落ち目のラジオDJ、起死回生をかけ「いわくつきの森」へゆく
未解決事件や超常現象を扱うラジオ番組「カルラの迷宮事件簿」。パーソナリティーのカルラの冠番組だが、ネタ不足で聴取率が下がり続け、打ち切り寸前だった。起死回生のため話題性のある事件を探す中、「ワープウッズの森」で行方不明者が続出しているという情報を手に入れる。
カルラは、取材をするべくスタッフを連れてワープウッズへと向かうが、深い森の中で道に迷ってしまう。途方に暮れていたところ、一軒家を見つけ助けを乞おうとするが、そこにメリーという女性が現れる。この家で息子と二人で暮らしているというメリーは、カルラたちを温かく迎え入れるが……。
世界中で親しまれる童謡が満を持してホラー映画化
19世紀アメリカの実話に起源を持つ童謡「Mary Had a Little Lamb」(メリーさんのひつじ)。

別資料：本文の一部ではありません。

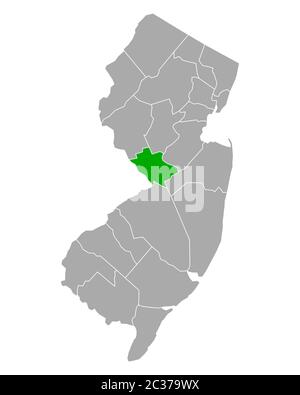 Mercer sulla mappa di New Jersey Foto Stock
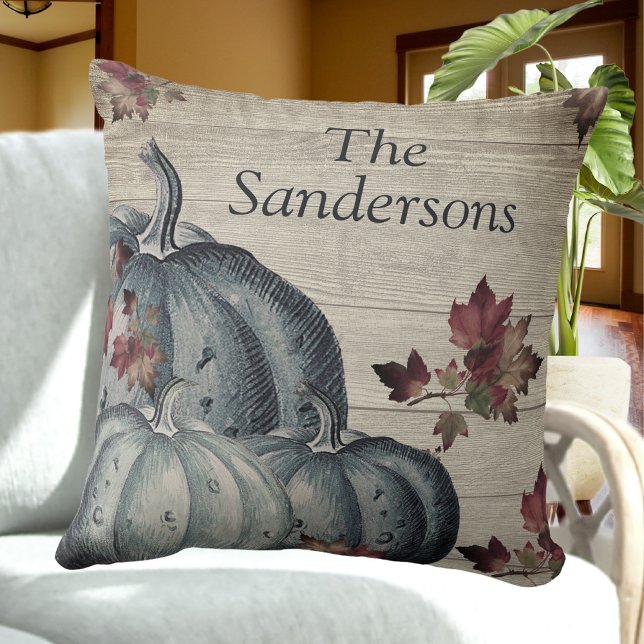 Rustige puistblauw pompoen met bladeren houtdraad  kussen (Creator heeft geüpload)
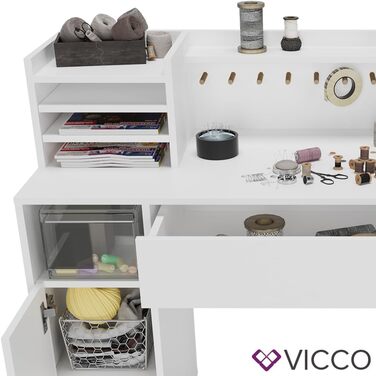 Стіл для рукоділля Vicco - письмовий стіл, білий, 126,8 x 50 см XL з полицями білий 126,8x100x50 см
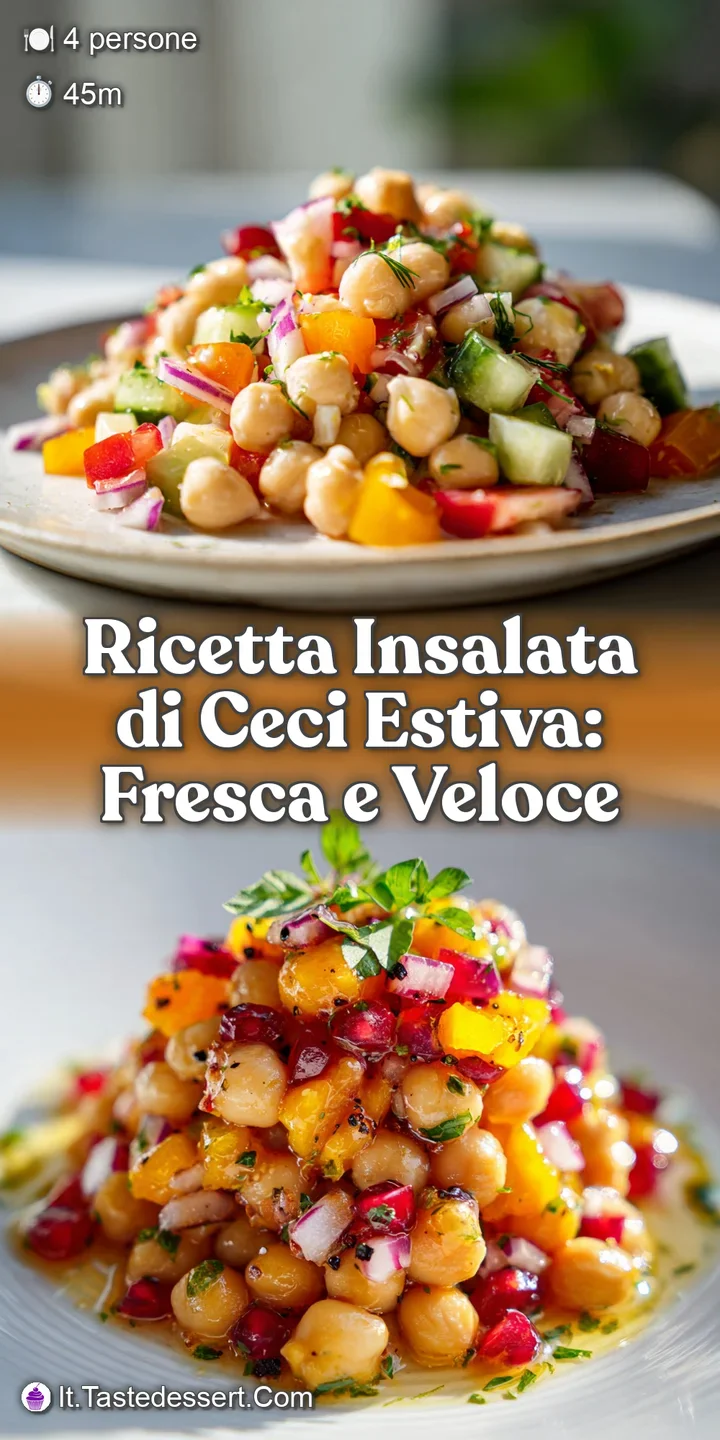 Close-up of vibrant chickpea salad with glistening herbs. Light reflects off the chickpeas and peppers, highlighting fres...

発明家エジソンによって、初めて蓄音機に録音された歌とも云われる。現在も日本をはじめ世界中で親しまれている童謡が、このたび満を持して(?)ホラー映画化された。
本作の原題は『Mary Had a Little Lamb』で、つまり「メリーさんのひつじ」まんまである。1800年代の作品のためパブリックドメイン(著作権切れ)となっており、めでたくホラー化ムーブメントの餌食、もとい白羽の矢が立ったというわけだ。製作陣に、同じく権利切れホラーの大ヒット作『プー あくまのくまさん』を手掛けたリース・フレイク=ウォーターフィールドらが名前を連ねているのも納得である。
空前のサメ映画ブームに始まり、クマにヘビ、ワニ、ナマケモノまで様々な動物ホラー/スリラーが次々と生み出されている現在。『メリーおばさんのひつじ』は童謡モノ×動物モノというフワみの強い要素に、切り株全開・グロさ満点のバイオレンスをぶち込んだ、ある意味では理想的なホラー映画とも言えるだろう。
やっぱり“あの映画”の影響大! 名作ホラーへのオマージュ
本作に登場する、斧を手にした羊頭の怪人(役名は「ラム」)のビジュアルを見れば、その元ネタは明らか。先述の『プー』も同じく、やはり傑作『悪いけ』の設定は世界共通で汎用性が高いのだろう。同作からの引用は最後の最後まで明示され、そしてメリーおばさんと羊男の哀しい(しかしギョッとする)関係性は『13金』を思わせる。
かなりの低予算ながら随所に工夫を凝らした本作の監督を務めたのは、『MEG ザ・モンスターズ2』のアニメーションや『キック・アス』の視覚効果を手掛けてきたジェイソン・アーバー。ミュージックビデオ監督としても引っ張りだこのようだが、長編映画は本作がほぼデビュー作と言っていいだろう。このたびの世界公開によって『プー』よろしく大きな予算を引っ張ってこられれば、今後ホラー監督として化けるかもしれない。
ちなみに童謡「メリーさんのひつじ」を振り返ってみると、その歌詞が本作の基本設定になっているのだと考えられなくもない。しかも日本語訳のほうはかなり投げっ放しな悲しい歌詞なので、本作の「ラム」の悲しい素性とリンクしているような気もしてきて……。